Yes , it is called calibration curve

Omar Gonzalez-Ortega

Thanks Dear Friend!

According to this valuable clue I found a handy and useful video on YouTube. Now I recommend it for who are looking for a way to calculate a concentration from peak area values easily.

https://www.youtube.com/watch?v=8efZRBCFpRg

The best

you must first create a standard calibration curve with khown concentration of you compound vs prak area

then simply you can get you conc. from equation resulted from standard curve

First thing you should do is find someone that knows something about analytical chemistry. Better yet take a course or two.

Yes. It is the linearity curve and is expressed as y = mx + b (a straight line!). y is the peak area. x is the concentration expressed as mg/mL , ug/mL or ng/mL. b is the y-intercept. m is the slope of the curve or response factor. All these items are determined by experiment!

To add one additional concept, in many cases it is useful to include an "internal standard" which is a compound that is spiked into the sample at a known (usually fixed) concentration. It is usually spiked into the sample at the beginning of the sample preparation process, and its purpose is to compensate for various sources of variability in the process, such as variable efficiency of extraction of a sample from a matrix, variations in instrument response, and so forth.

The internal standard should be chemically and chromatographically similar to the target compound. This works best in a mass spectrometer is the detection system for the chromatograph because one can then use isotopically labeled versions of your target compound as an internal standard. This allows the internal standard to give nearly (but not quite) perfect tracking of the target compound.

Here is how the internal standard is used in the data analysis. The peak area of the target compound is divided by the peak area of the internal standard. This number is then compared to a calibration curve, usually based on a linear equation, to obtain the concentration.

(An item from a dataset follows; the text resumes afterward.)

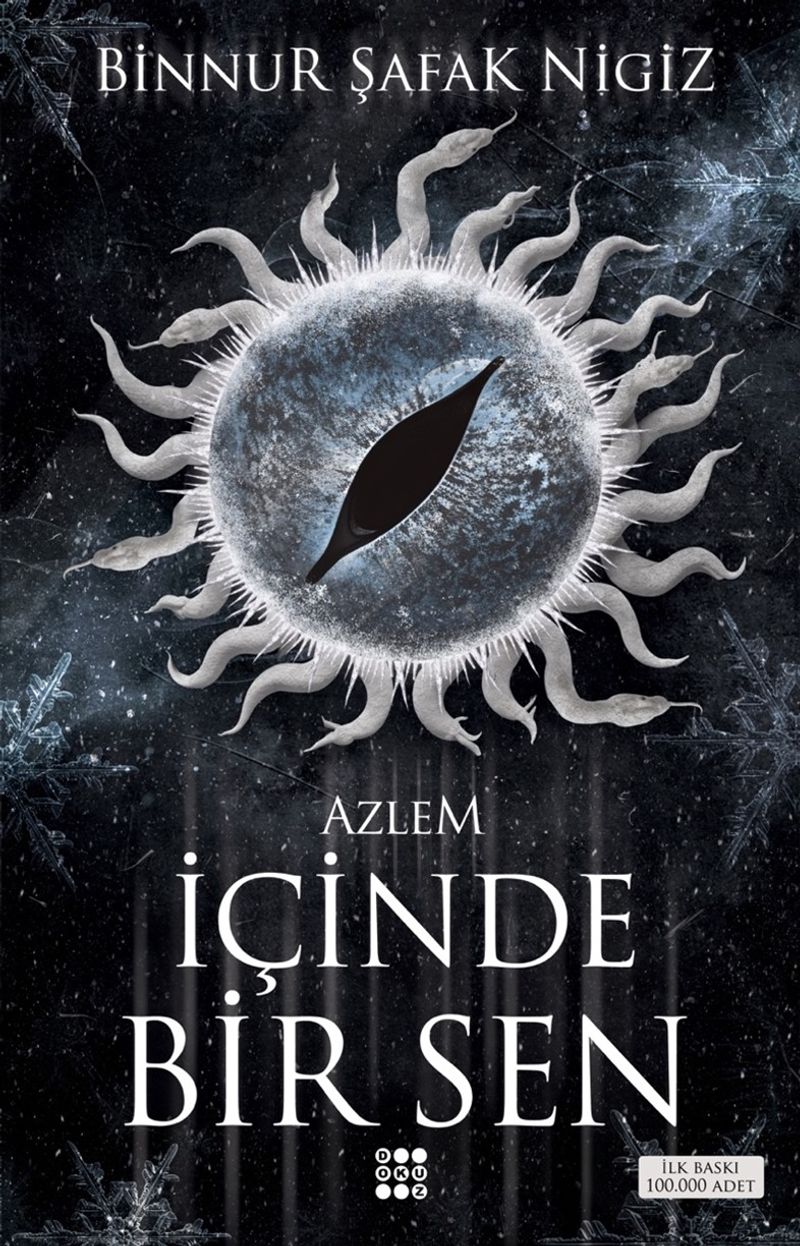 İçı̇nde Bı̇r Sen 4 / Azlem (Karton Kapak) kitap kapağı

The calibration curve is prepared by preparing a set of samples containing several different concentrations of target analyte. The calibration samples all contain the same concentration of internal standard. These are then run on the instrument and the peak area ratio is calculated for each calibration sample. The concentration of the target compound is plotted on the x-axis and the measured response ratio is plotted on the y-axis. (In principle, you could swap the axis, but most people use the conventions just noted.)

Then, you run your unknown samples ("unknown" in the sense of unknown concentration of target compound, not in the sense of the chemical identity being unknown). You take the peak area ratio of an individual unknown sample, compare it to the y-axis of the calibration curve, and then drop down vertically from the calibration curve to read the unknown concentration on the x-axis.

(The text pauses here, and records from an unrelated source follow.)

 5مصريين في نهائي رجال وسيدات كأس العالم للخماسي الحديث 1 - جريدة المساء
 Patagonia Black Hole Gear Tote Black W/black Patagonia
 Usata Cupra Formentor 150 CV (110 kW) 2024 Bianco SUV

You have to first run several concentrations of your target analyte standards. The standard concentration range should encompass the lowest and highest concentration you expected in your samples. Then plot the areas against the concentrations and fix the trendline (calibration curve). derive the equation of the straight line as well as the coefficient of determination (R2). From the equation, you can derive the concentrations of the target analyte in your samples.

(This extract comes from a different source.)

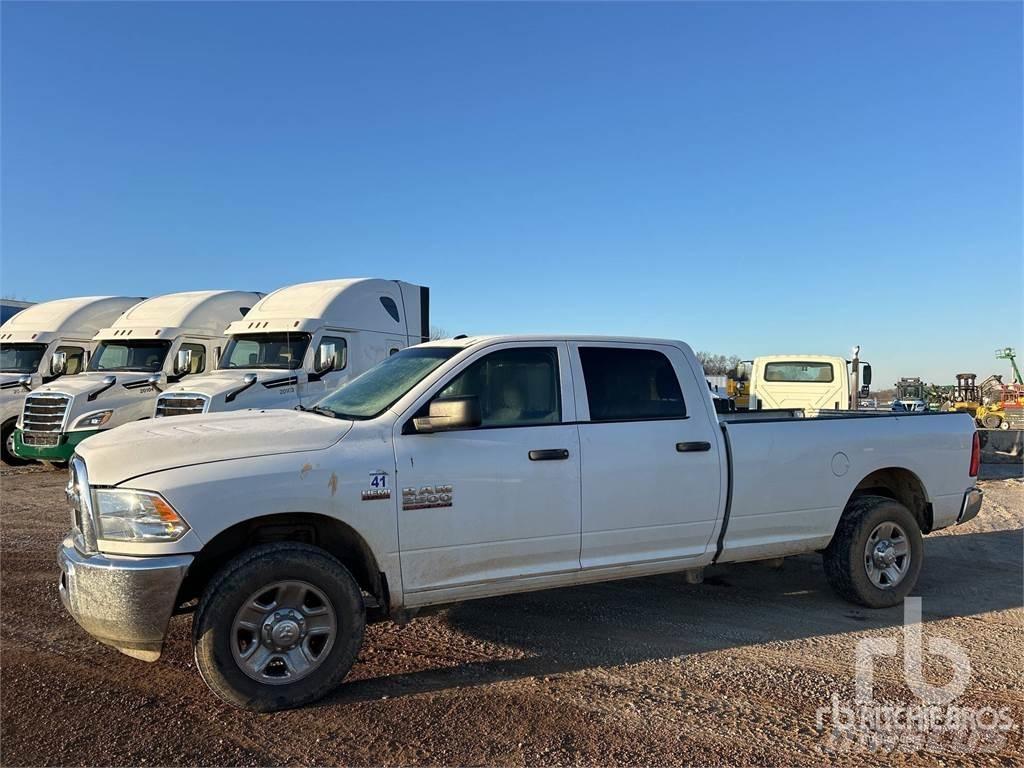 RAM 2500 Pickup Trucks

*Caution: the equation must be considerably linear (i.e R2 above 0.98) for the calibration curve to be useful.

• Babatunde wrote: "*Caution: the equation must be considerably linear (i.e R2 above 0.98) for the calibration curve to be useful."

While a linear slope is ideal, it may not be a requirement (Remember, the poster did not provide any context to the question. Let us not assume). Some types of detectors do not provide a linear output. What is required is that the method follows good chromatography fundamentals and you document that the method is accurate and reproducible (i.e. proper retention, soluble, within scale, method is selective for the analyte, proper number of high purity standards are used for the range and they are bracketed "around" the sample, etc). A well developed method used with a multi-level calibration table correctly fitted to the points will work.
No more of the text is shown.